Effective School Discipline: Promoting Safe, Positive Behavior and Academic Success

Article excerpt

We all have an investment in creating safe, orderly, and positive learning environments. This is a primary purpose of school discipline. A second equally important goal of discipline, whether at school or home, is to develop children's positive behavior and self-discipline. The two approaches work together, and both are critical to an effective comprehensive school-wide plan that supports student and staff safety and well-being and academic achievement.

For some schools a comprehensive approach to discipline requires a shift in thinking. Too often, schools rely exclusively on punitive discipline that uses harsh strategies, such as suspension and expulsion, as primary disciplinary actions for even minor misconduct (this is common with zero tolerance policies).
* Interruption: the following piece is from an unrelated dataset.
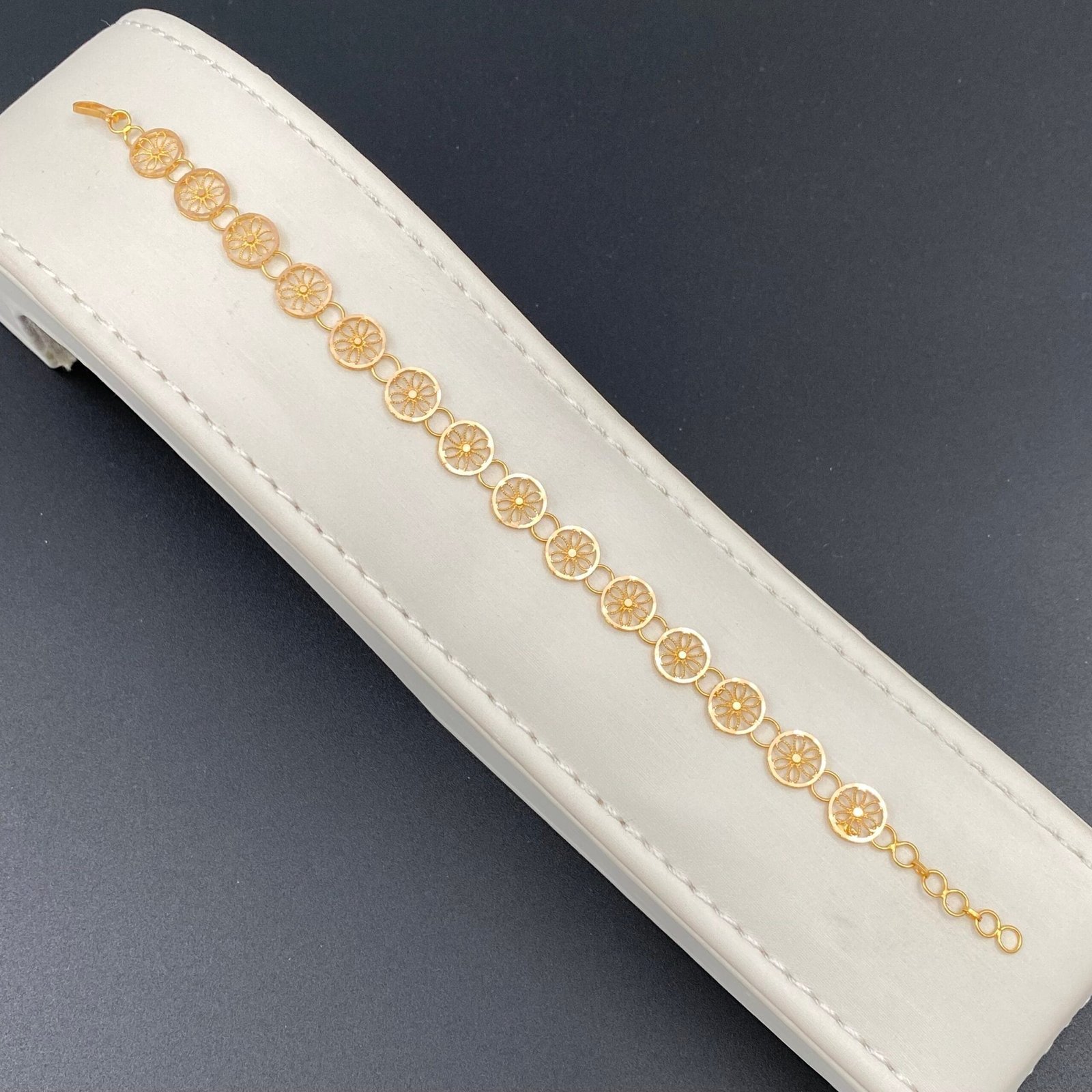 إسوارة ذهب عيار 21 الوزن 3.80 جرام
While clear, consistent consequences for misbehavior are vital to effective discipline, there is no evidence that strictly punitive practices create safer or more functional schools. On the contrary, extensive use of suspension and expulsion does not correct misbehavior over time and actually contributes to increased misconduct, declines in academic achievement, poorer school climate, an elevated dropout rate, and increased juvenile delinquency and incarceration.

CREATING A COMPREHENSIVE SCHOOL-WIDE PLAN

A comprehensive school-wide plan consists of a range of evidence-based strategies to achieve four important goals:

* Developing self-discipline

* Preventing misbehavior

* Correcting misbehavior

* Remediating and responding to serious and chronic behavior problems.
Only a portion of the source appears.